Pharmacological (or Synthetic) and Nutritional Agonists of PPAR-γ as Candidates for Cytokine Storm Modulation in COVID-19 Disease

Abstract

The cytokine storm is an abnormal production of inflammatory cytokines, due to the over-activation of the innate immune response. This mechanism has been recognized as a critical mediator of influenza-induced lung disease, and it could be pivotal for COVID-19 infections. Thus, an immunomodulatory approach targeting the over-production of cytokines could be proposed for viral aggressive pulmonary disease treatment. In this regard, the peroxisome proliferator-activated receptor (PPAR)-γ, a member of the PPAR transcription factor family, could represent a potential target. Beside the well-known regulatory role on lipid and glucose metabolism, PPAR-γ also represses the inflammatory process. Similarly, the PPAR-γ agonist thiazolidinediones (TZDs), like pioglitazone, are anti-inflammatory drugs with ameliorating effects on severe viral pneumonia. In addition to the pharmacological agonists, also nutritional ligands of PPAR-γ, like curcuma, lemongrass, and pomegranate, possess anti-inflammatory properties through PPAR-γ activation. Here, we review the main synthetic and nutritional PPAR-γ ligands, proposing a dual approach based on the strengthening of the immune system using pharmacological and dietary strategies as an attempt to prevent/treat cytokine storm in the case of coronavirus infection.
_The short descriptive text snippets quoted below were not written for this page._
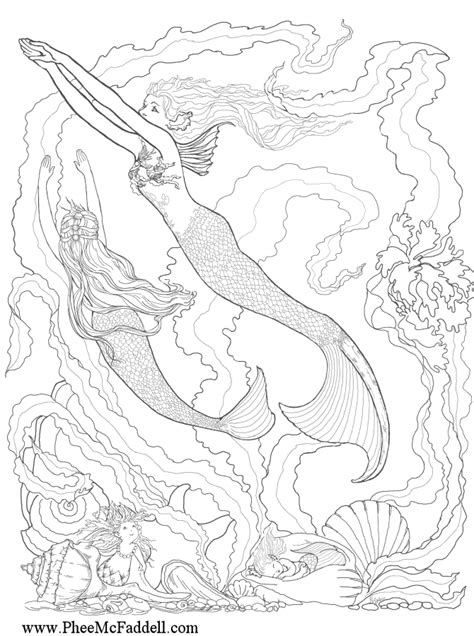 mermaid adult coloring pages  getdrawings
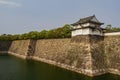 Sunny view of the moat of Osaka Castle Royalty Free Stock Photo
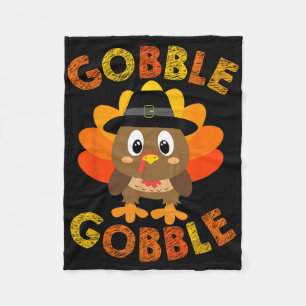 Gobble Turkey Little Boys Girls Kids Thanksgiving Fleece Blanket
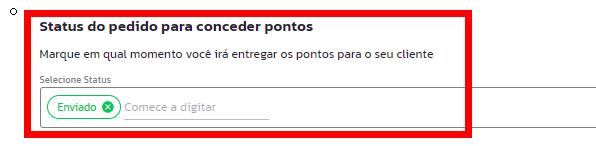 Pontuação não creditada objetivo compra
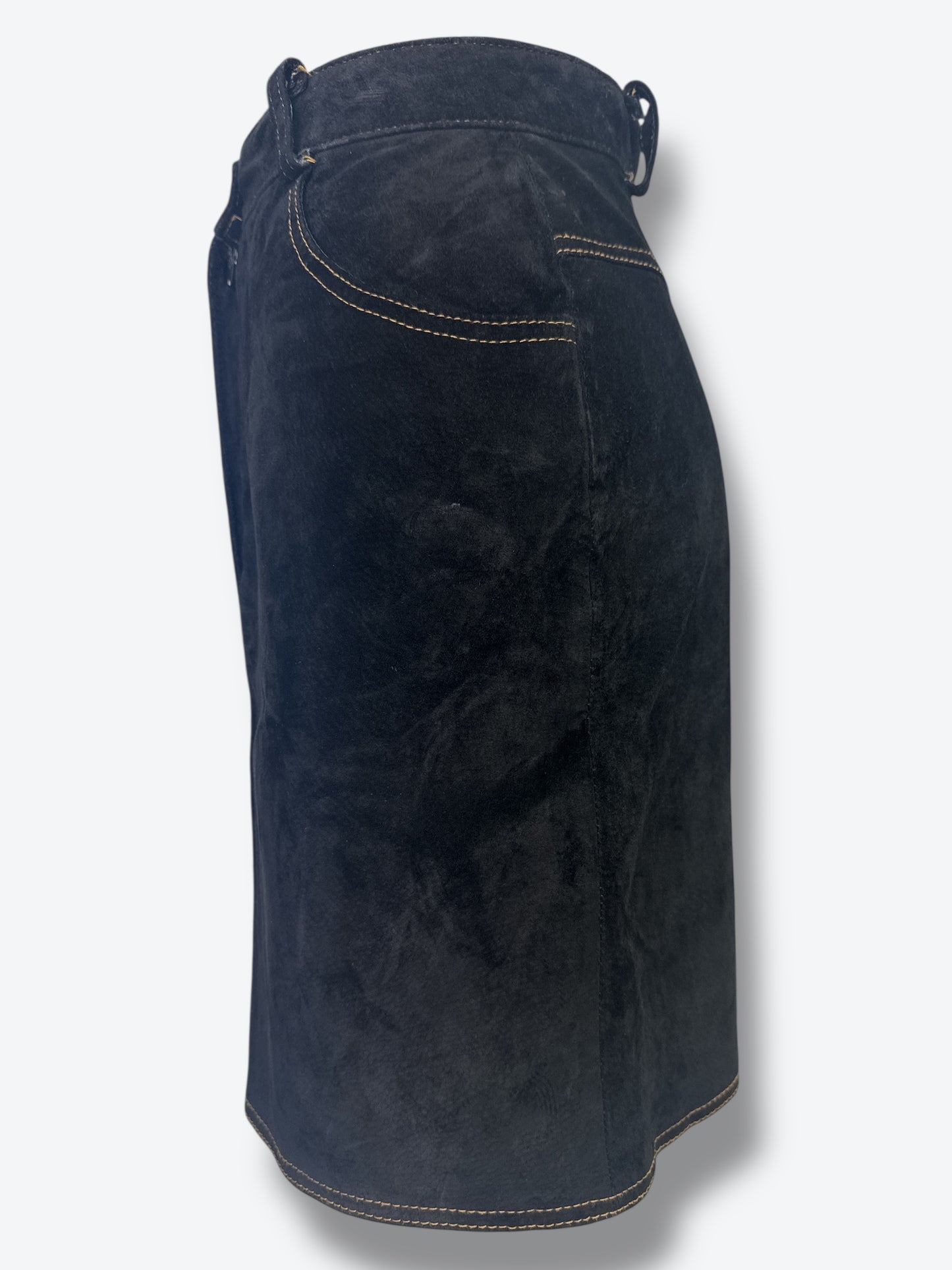 #14. Vintage Wilson Leather Suede Contrasting Stitching High Waisted Mini Skirt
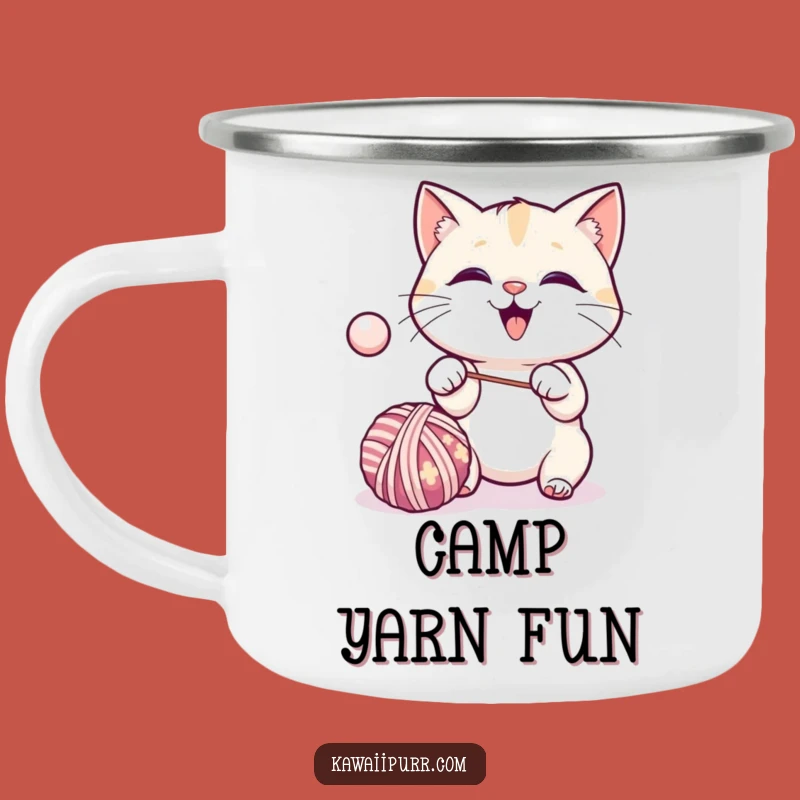 Funny Kawaii Cat Yarn Camping Mug: Outdoor Excited Feline Drinkware Gift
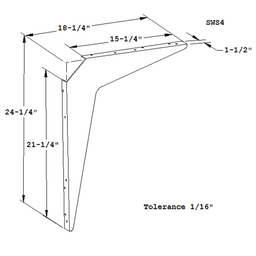 SWS4 Basic Work Surface Shelf Bracket in Matte Black Finish by Doug Mockett And Company Inc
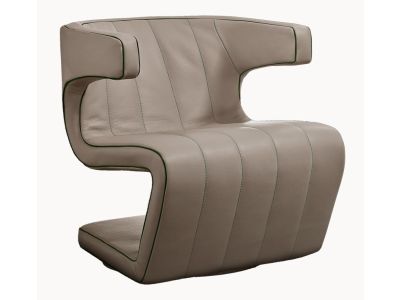 Fotoliu rotativ Gamma Dandy Dean POL, piele Danka F777, HandMade in Italy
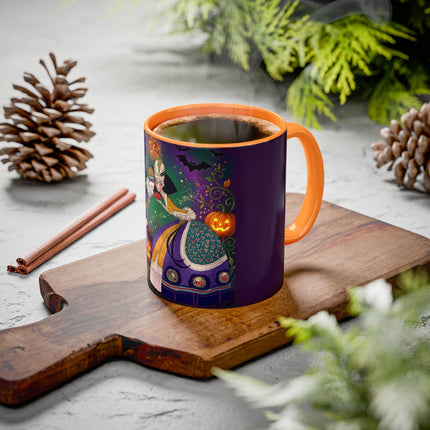 🎭🎃 The Masquerade Beneath The Pumpkin Lantern Colorful Mug – Theatrical Halloween Charm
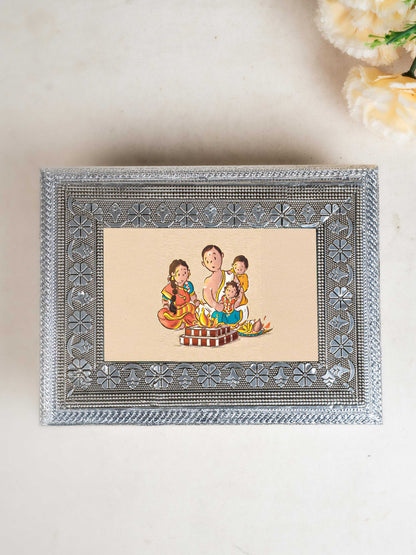 Customized - Meenakari Dry Fruit Box - 9x6 inch - Silver - WL5354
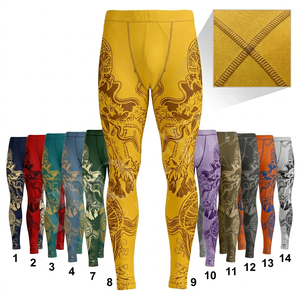 Men's Apparel Slim Fitted Compression Leggings High Elastic Tights Running Gym Workout Custom Printed Design Whole Sale <b>Pants</b> - Product Image 1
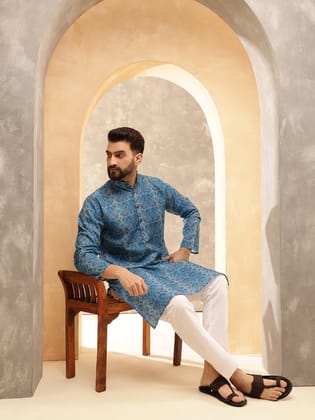 Men's Cotton Linen Geometric Printed Peacock Blue Kurta with white Pyjama-36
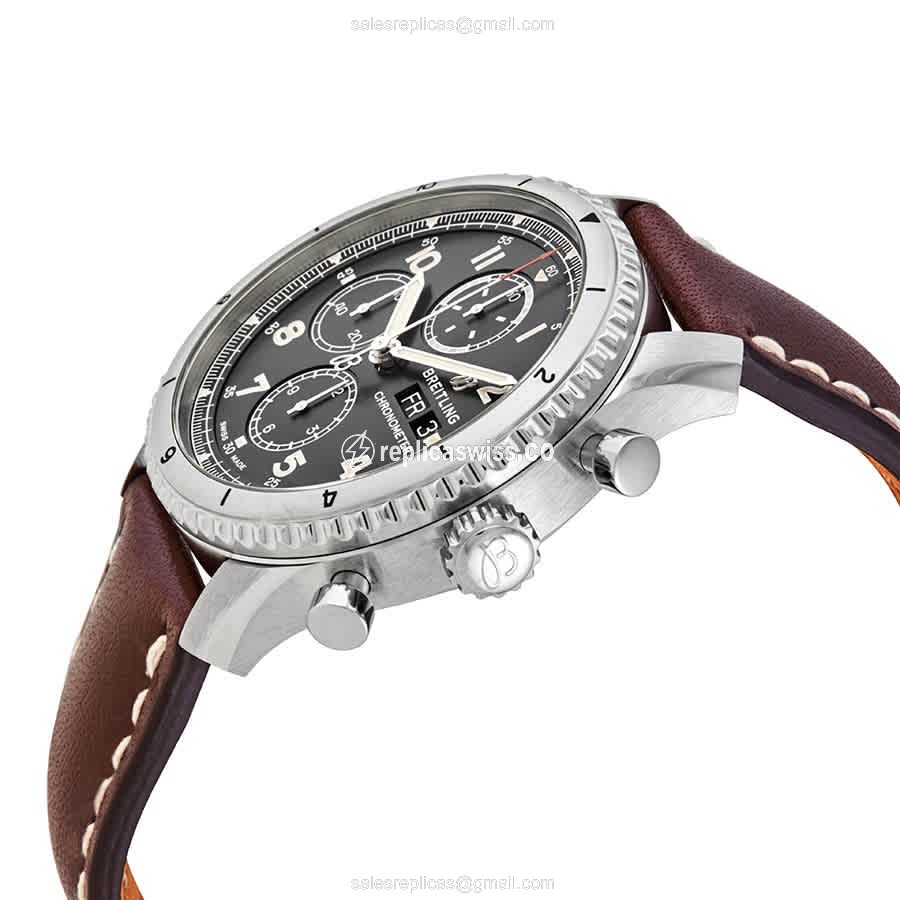 Breitling AVIATOR 8 Replica - Automatic - Steel - Black Dial - Brown Cowhide - View 2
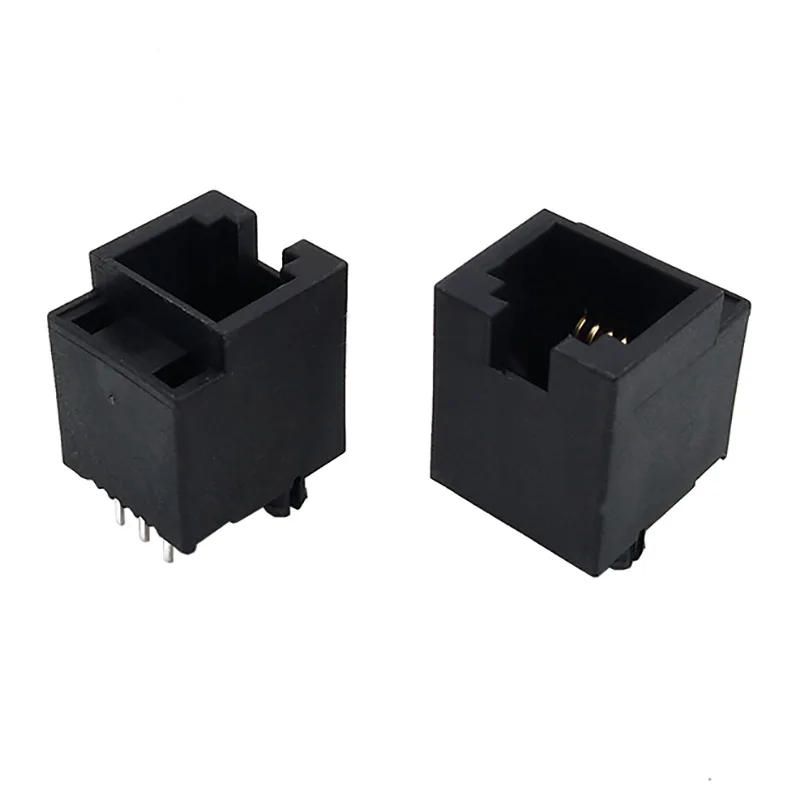 10PCS 5222 6P6C flat pin telephone RJ11 socket all-plastic with stepped stand-off RJ25 female connector 180-degree DIP plug RJ12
Keywords: PPAR-γ; PPAR-γ agonists; coronavirus infection; cytokine storm; inflammation; metabolism.

Figure 1

Peroxisome proliferator-activated receptors (PPARs). (A) Schematic representation of functional domains in PPAR. AF-1: domain of activation function 1; DBD: DNA-binding domain; LBD: ligand binding domain; AF-2: domain of activation function 2. (B) Mechanism of PPAR-RXR signaling. Upon ligand binding, the heterodimer PPAR: RXR translocates into the nucleus, where it binds to target DNA in correspondence with peroxisome proliferator hormone response elements (PPREs). This step initiates structural alterations essential to target gene modulation by PPARs.

Figure 2

Chemical structure of representative TZDs and functions. (A) Chemical structure of pioglitazone (CID = 4829) and rosiglitazone (CID = 77999) [45]. (B) Schematic representation of TZD effects. The binding of TZDs, like pioglitazone and rosiglitazone, to PPAR-γ induces its activation, triggering the modulation of target gene expression and a broad range of mechanisms, including lipid metabolism, regulation of glucose levels, inflammatory processes, cell proliferation and migration, cardiovascular diseases and vascular remodeling, and cytokine storm occurrence under virus infections.

Figure 3

Effects of PPAR-γ activation on cytokine storm. The stimulation of PPAR-γ by drugs or foods can exert a regulatory role on the cytokine storm typical of virus infections. Pro-inflammatory cytokines (e.g., IFN, TNF-α, IL-1β) are released by lung-epithelial cells, endothelial cells, and immune cells, inducing the immune system response. This mechanism recruits chemokines and other cytokines, in a vicious circle out of control. PPAR-γ acts on the transcription of the upstream inflammatory genes, thus preventing the cytokine over-production and becoming an attractive target for immunomodulatory therapies in the case of viral infections.